● **REQUIRED ACTION**:
Look below for the line containing "木瓜牛奶银耳羹的做法图解3", then write out that line and every line after it to the end, exactly, minus the pictures.

○ ○ ○ ○ ○

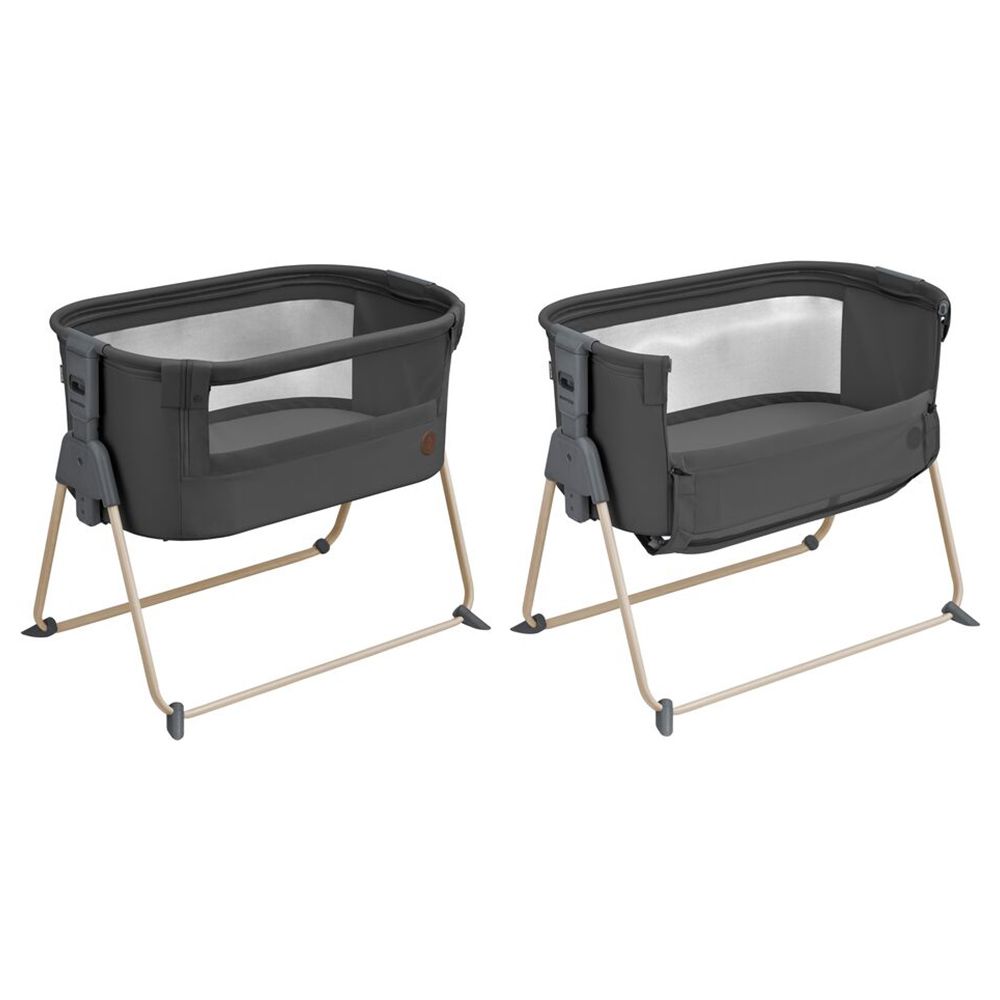 Maxi-Cosi - Tori Beyond Co-Sleeper Crib - Graphite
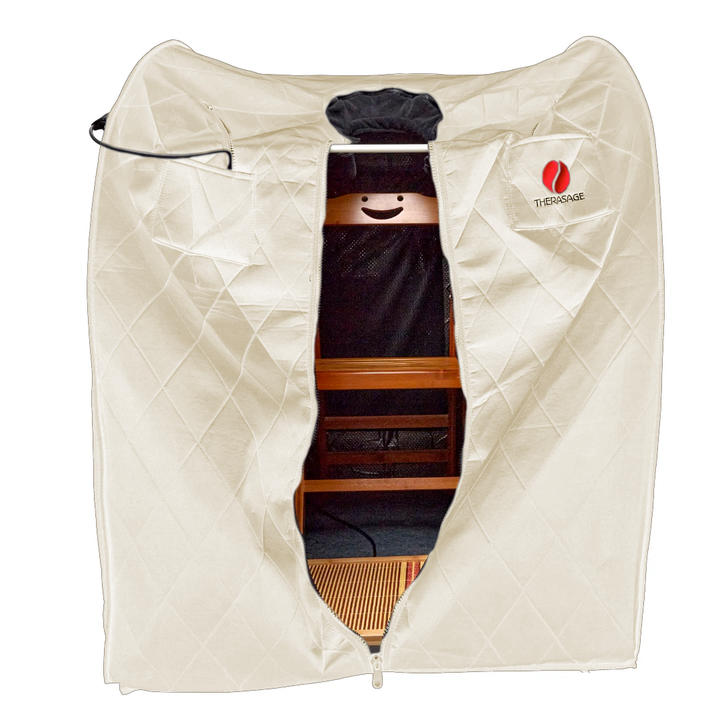 Thera360 Plus Open White Infrared Sauna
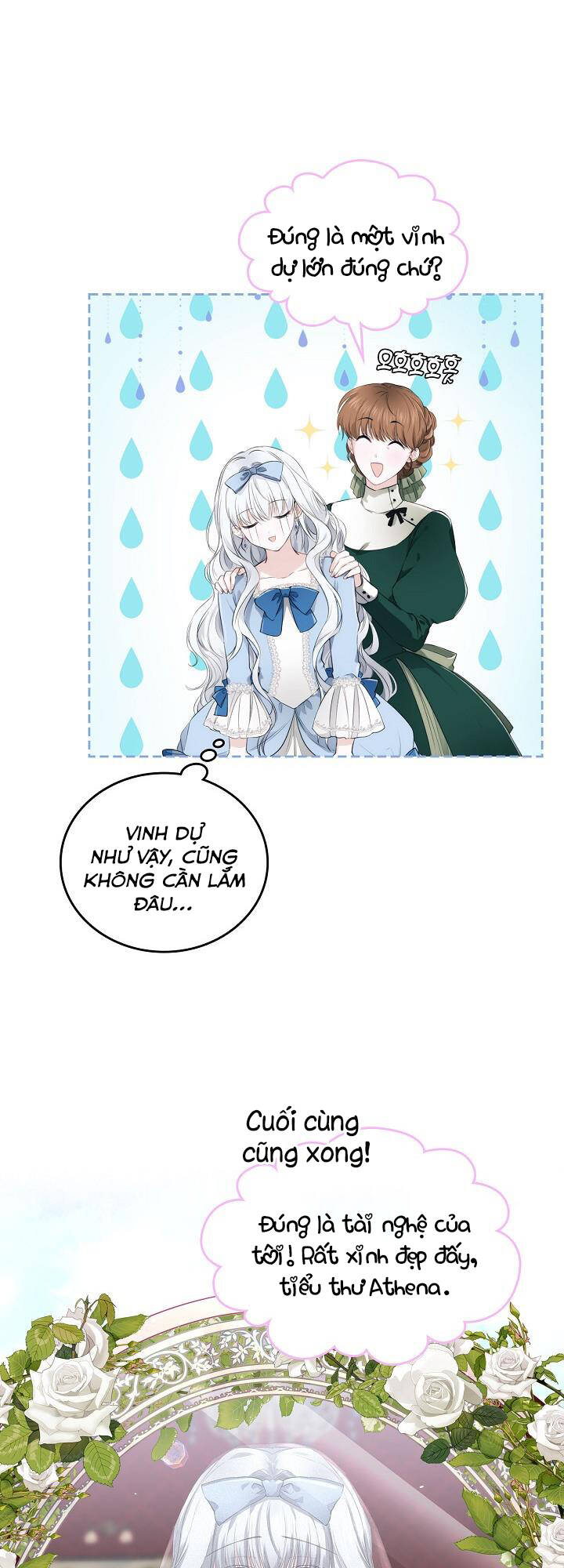 con gái bá tước bỗng thành vị hôn thê của thái tử điện hạ chapter 10 12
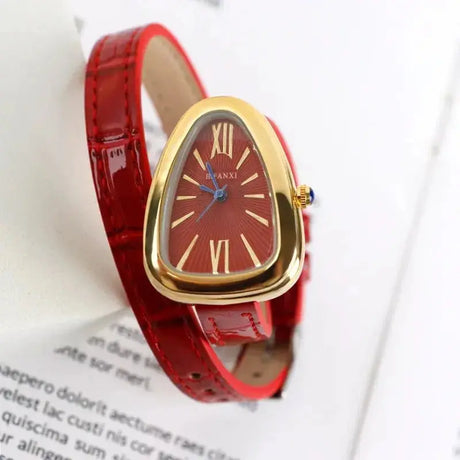 High Quality New Snake Women Watches Luxury Brand Quartz Leather Creative Ladies Bracelet Wristwatch Gift Relojes Para Mujer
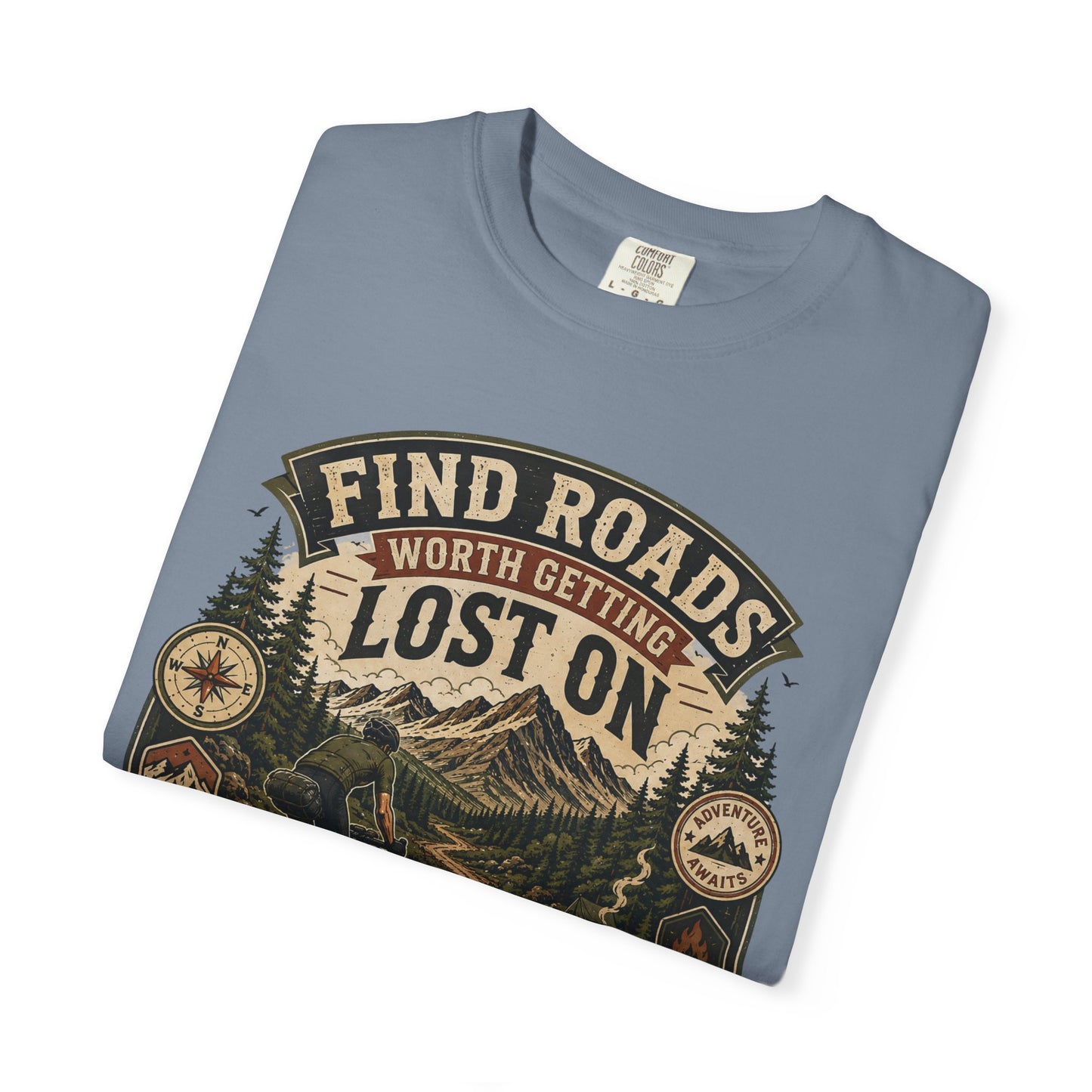 Find Roads T‑Shirt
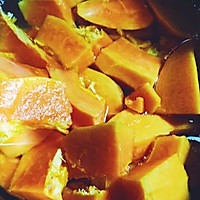 木瓜牛奶银耳羹的做法图解3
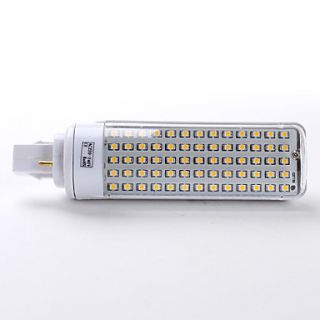 G24 3W 65x3528 SMD 150 200LM 2500 3500K Warm White Light LED Bulb (220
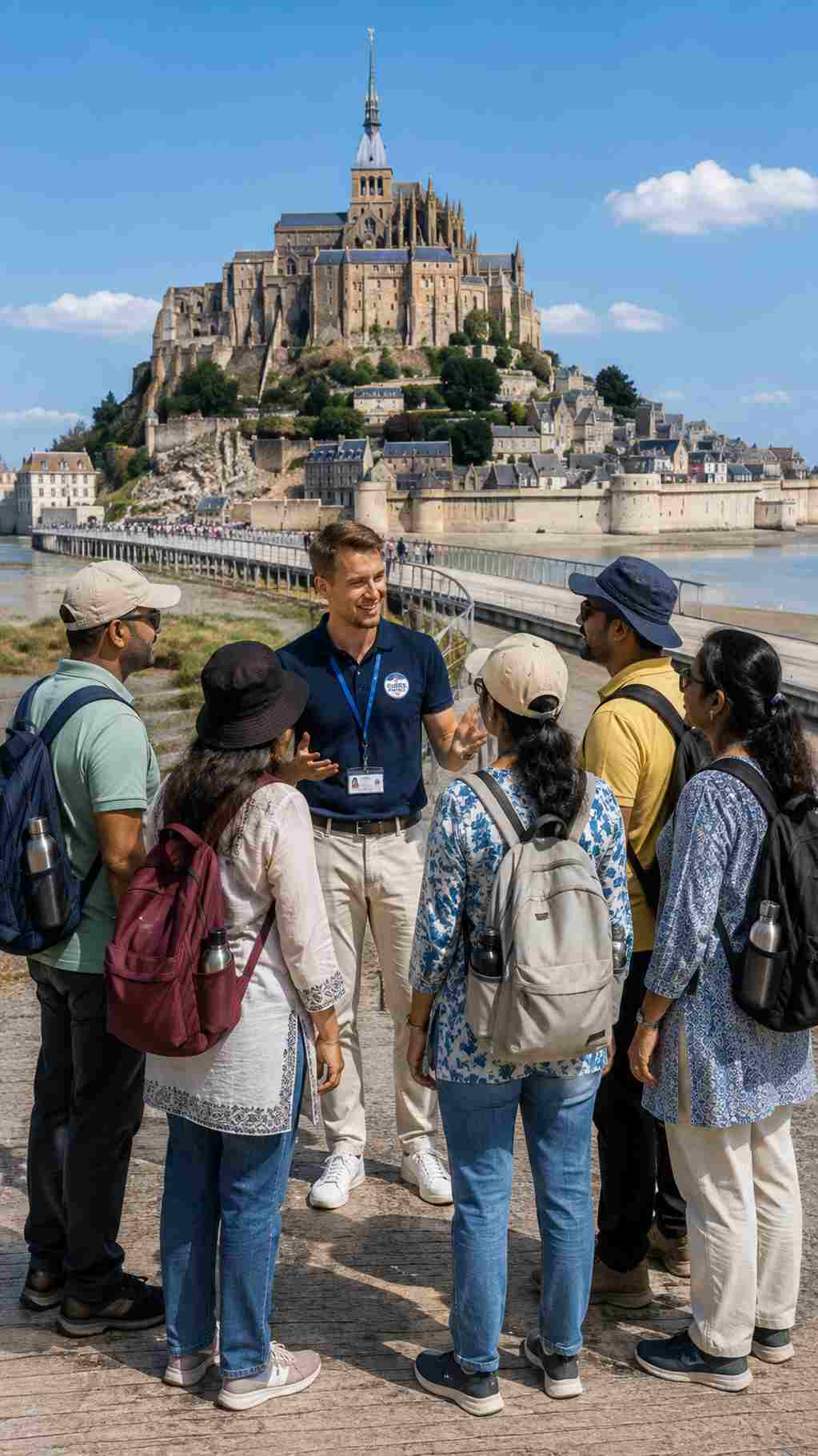 Visiter le Mont Saint Michel avec un guide touristique officiel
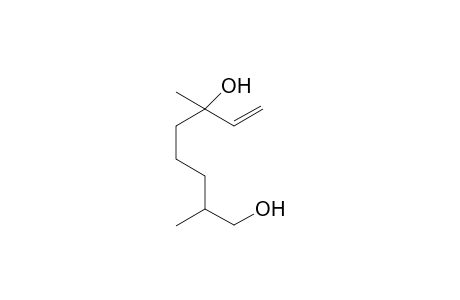 2,6-Dimethyl-7-octene-1,6-diol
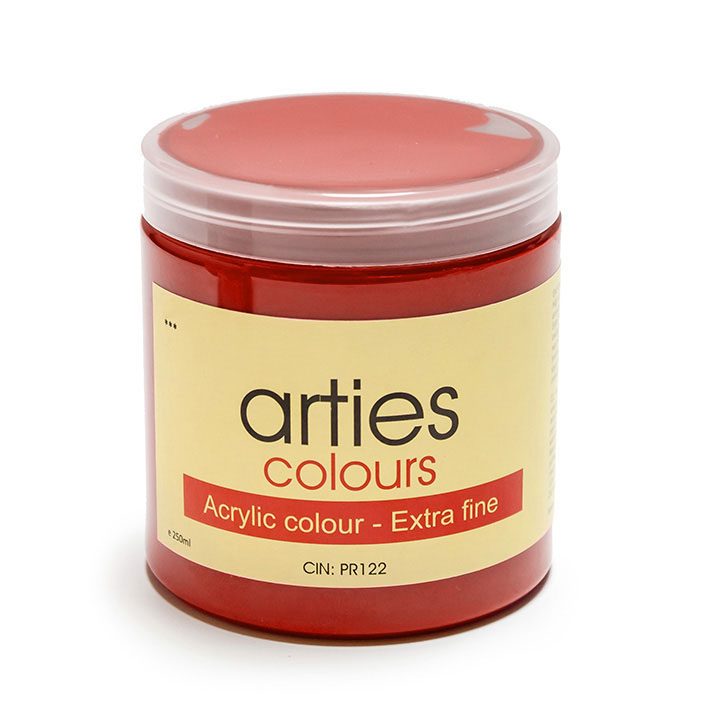 Arties Colours akrilna boja 250 ml – 45 nijansi | ARTMIE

○ ○ ○ ○ ○

● **RESULT FOR THIS EXERCISE**:
 木瓜牛奶银耳羹的做法图解3
 G24 3W 65x3528 SMD 150 200LM 2500 3500K Warm White Light LED Bulb (220
 Visiter le Mont Saint Michel avec un guide touristique officiel
 2,6-Dimethyl-7-octene-1,6-diol
 Arties Colours akrilna boja 250 ml – 45 nijansi | ARTMIE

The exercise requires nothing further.